Q: There must have been hard times. Was she open with you about the difficult things?
A: It was very hard to even know how she was feeling. It was never about cancer when I was with her. I really had to push her: ‘How are you really feeling? Can I do anything for you?’ She never wanted anyone to feel sad. She knows how hard it is for everyone around her to see someone you love in that position.
She felt she was the one who was chosen and thrown at this new world of having to deal with cancer and chemo and radiation. Carley has changed my life. You see people who take life for granted, (but) if you’re healthy, you should be so happy. You have so much already going for you. You can do anything.
Q: What did the two of you talk about?
A: lot of people don’t know how to respond or be around someone they love who has a scary illness, so we would speak about that. How do you react? What do you say when your best friend is going through a one-in-3.5-billion disease? But Carley made it such a happy, warm loving environment for the people around her because that’s what she wanted.
Q: When you played her role in the movie, do you tackle the harder things in addition to her optimism and joyousness?

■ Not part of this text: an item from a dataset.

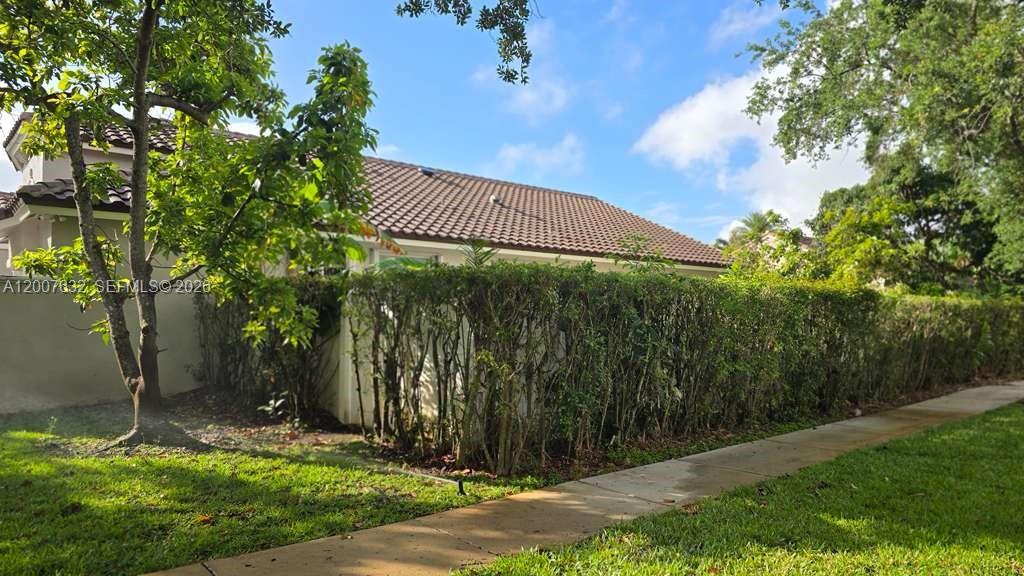 18920 Southwest 29th Street Miramar, FL 33029 - Photo 4 of 6 a backyard of a house with lots of green space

A: We did want to make sure we covered that. She and her boyfriend went to see a movie about two people with cancer (The Fault in Our Stars). When it was over, she looked at him and said, ‘It was good, but our story is so much better.’
But she also said she found the actors in the movie who were playing cancer patients didn’t look sick. She thought, that’s not what you look like. That’s not how you feel. She said (the actress) had all her hair, she had her eyebrows. So we wanted to make sure this movie is realistic to what cancer was like for Carley and what cancer is like for most patients. When I was healthy we added small extra eyelashes and when I was sick we got rid of them. I dyed my eyebrows to get rid of them when I was going through chemo. We made sure you see the many moments that are so hard and so difficult to deal with when you’re going through cancer. We have a scene where she tries on her prom dress after she’s gone through chemo. You can see how she reacts when she sees how much weight she’s lost.
Q: This is the question you’ve been asked a hundred times. How hard was it to play your best friend in a movie?
A: Every time people ask they say it must have been so hard. I always say, ‘Look at what Carley did.’ Yes, there were scenes that were emotional, but when we think of Carley we really don’t think of cancer. That’s not what she left us thinking about.
It was trying to get into her mindset of how Carley was feeling when everyone left the room. Carley made sure we all believed she was OK and everything was good and she was feeling great, even though most of the time she wasn’t. She chose to make all of us feel happy. So as an actress trying to bring that to life, you have to think, even after Mom and Dad go to bed, what was she feeling at that point, when there was no one in front of her to make happy? That was hard. That was a lot of work.
Kiss and Cry plays Thursday, March 23 at the Mayfair Theatre, 1074 Bank St. Doors open at 6 p.m., with the screening at 6:30 p.m., followed by a Q&A with Sarah Fisher and other crew members. The screening is a fundraiser for the Ottawa Regional Cancer Foundation.